长生湖那边火光冲天,周边树木被熊熊大火吞噬。
凶猛的火焰倒映在湖面上,雨雾坠落水中,泛点涟漪。
目睹天雷降临的人们还沉浸在方才可怖的景象里回不过神儿。
他们从未见过这样的雷击,一道又一道,比寻常雷击可怕多了,仿佛带着摧枯拉朽的力量,震慑人间。
不知是谁说道:“我们躲过天罚了吗?”
没有人回答这个问题。
诡异的静默吞噬了寿星关的恐惧,人们在静默中等待。
他们其实也不知道在等什么,或许在等黎明,亦或许在等新生。
直到第一抹晨光初露,雨雾渐渐停下。
持续两个月的阴霾开始转晴,众人见雨雾有停息的迹象,无不欢喜,纷纷道:“雨停了!雨停了!”
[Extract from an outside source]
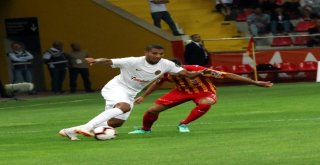 Spor Toto Süper Lig: Kayserispor: 2 - Antalyaspor: 0 (Maç Sonucu)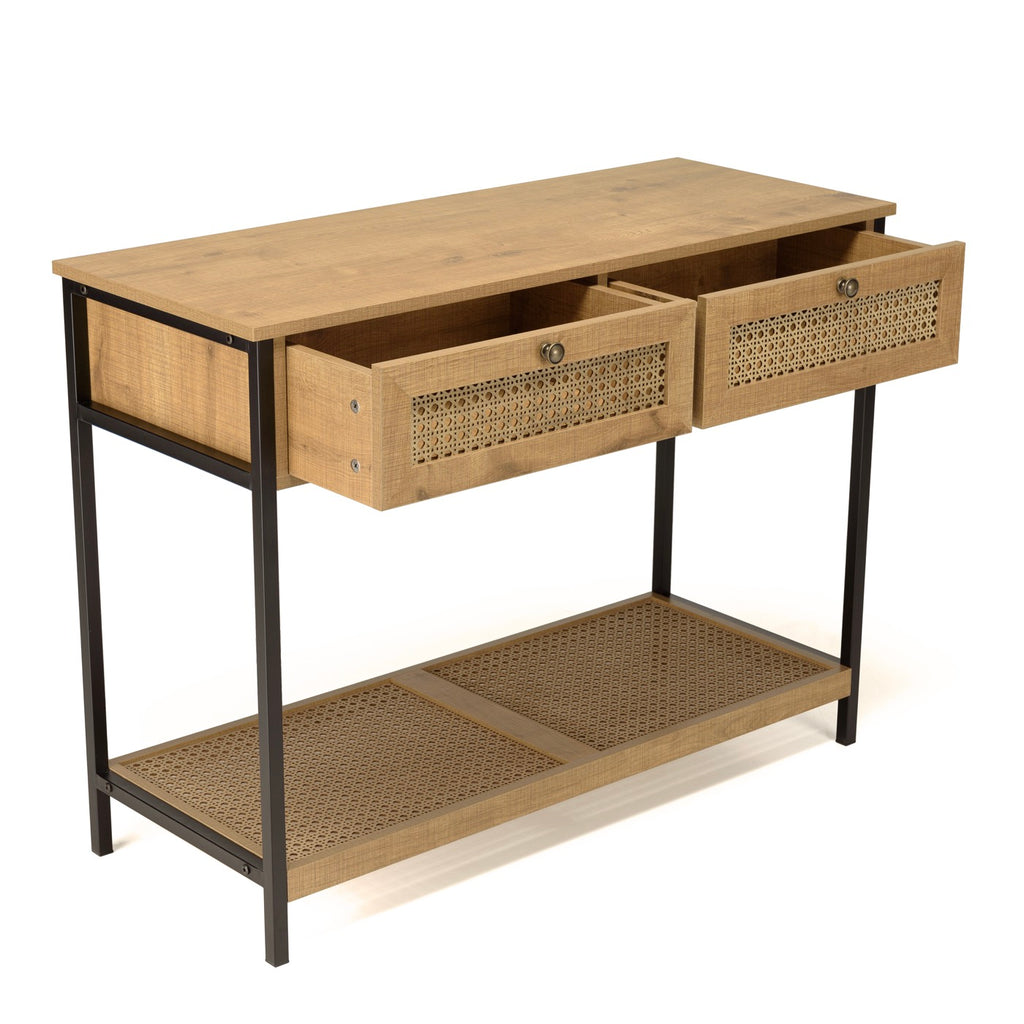 Charlie – konsolbord – sort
一些未曾进山躲避的村民从茅屋里走出,望着渐渐停下来的雨点,欣喜若狂。
“雨停了!雨真的停了!”
有老人双手合一,感恩苍天仁慈。
待到天色大亮,雨彻底停下,天边云层里泛起朝阳渐出的霞光。
躲到山里的人们纷纷下山来往家里赶,个个喜笑颜开,因为他们接连两个月都没见过太阳了。
人们顾不得山路泥泞,争先恐后,欢天喜地往家里跑。
第一缕朝阳破开云层,洒向人间,有人高呼道:“太阳出来了!快看太阳出来了!”
久违的阳光抚慰这片被放逐的大地,不少人在回家的途中跪拜苍天,以谢恩赐。
杏花村的云鸾一直看向房门,谢长清没有回来,或许他再也无法回来了。
也不知什么时候,被禁锢的身子忽然能动了,她疲惫地坐起身,缓缓下床,走出厢房打开堂屋的大门。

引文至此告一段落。